- IATA: none; ICAO: VE41;

Summary
- Airport type: Public
- Owner: State Government
- Operator: Airport Authority of India
- Serves: Giridih
- Location: Giridih, Jharkhand

Runways
| Direction | Length |  | Surface |
| ft | m |
| 11/29 | 2.953 | 900 | Asphalt |

= Giridih Airport =

Airport in Giridih, Jharkhand, India

Giridih Airport, also known as Boro Aerodrome, is a public airport that is located in Giridih, Jharkhand, India. The airport currently does not have any scheduled commercial services and is used only by private companies and government aircraft.

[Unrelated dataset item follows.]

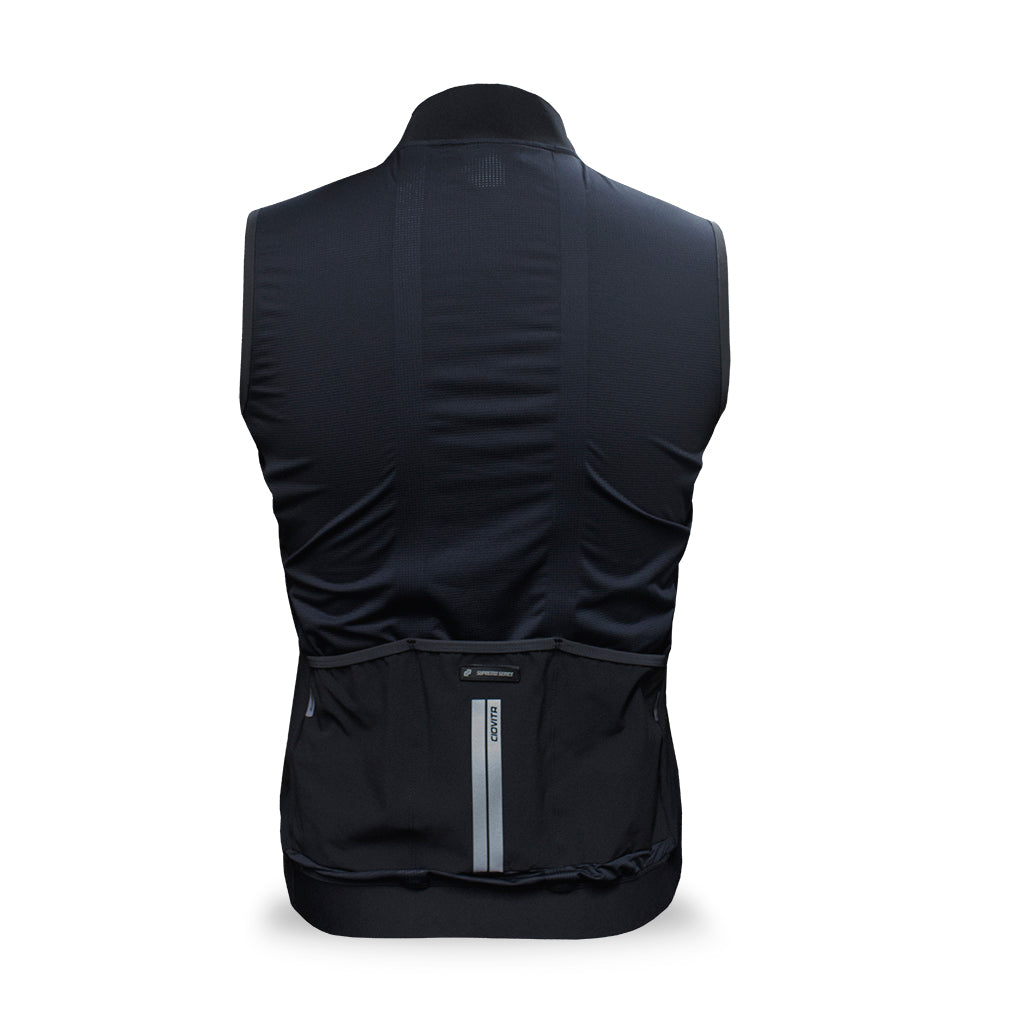 Ciovita Mens Faro Reflective Gilet- Black - biket.co.za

The ownership of Airport belongs to the State Government of Jharkhand. The State Government has planned to develop the airport for operation of small aircraft under Regional Connectivity Scheme (RCS) and has requested Airports Authority of India (AAI) to assess the feasibility for proposed development and operationalization of the airport. Accordingly, a multidisciplinary team has visited the site and a prefeasibility report for the same has been submitted to Govt. of Jharkhand on 16.05.2018. No bid has been received from any airline operator for connecting Giridih airport during the first two rounds of RCS bidding.

The airport's expansion is underway by acquiring 25.04 acres of private land a cost of 60 crores for the commencement of scheduled passenger services.